Slashdot Mirror


One Way To Save Digital Archives From File Corruption

storagedude points out this article about one of the perils of digital storage, the author of which "says massive digital archives are threatened by simple bit errors that can render whole files useless. The article notes that analog pictures and film can degrade and still be usable; why can't the same be true of digital files? The solution proposed by the author: two headers and error correction code (ECC) in every file."

36 of 257 comments (clear)

  1. To much reinvention by DarkOx · · Score: 5, Interesting

    If this type of thing is implemented at the file level every application is going to have to do its own thing. That means to many implementations most of which wont be very good or well tested. It also means applications developers will have to be busy slogging though error correction data in their files rather than the data they actually wanted to persist for their application.
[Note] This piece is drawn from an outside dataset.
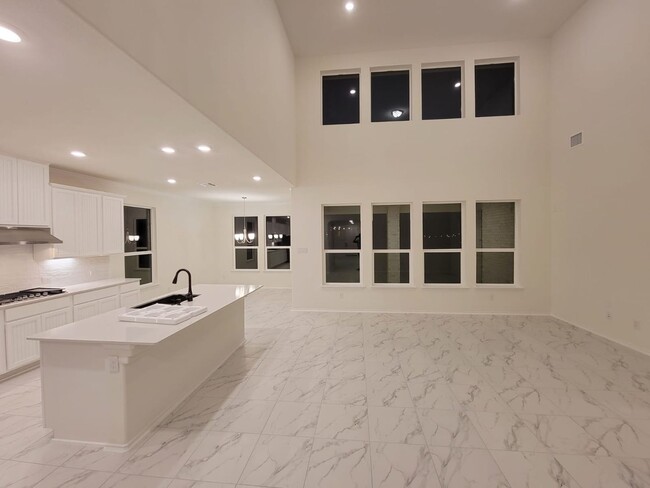 Building Photo - Spacious 5BR House in Leander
I think the article offers a number of good ideas but it would be better to do most of them at the filesystem and perhaps some at the storage layer.
        Also if we can present the same logical file when read to the application even if every 9th byte is parity on the disk that is a plus because it means legacy apps can get the enhanced protection as well.

    --
    Repeal the 17th Amendment TODAY! Also Please Read http://www.gnu.org/philosophy/right-to-read.html
    1. Re:To much reinvention by paradxum · · Score: 5, Insightful

      It already exists, it's called ZFS on solaris boxxen. Each block uses ECC, it can correct itself on each read, and generally can indicate a failing disk. This truly is the filesystem every other one is playing catchup with.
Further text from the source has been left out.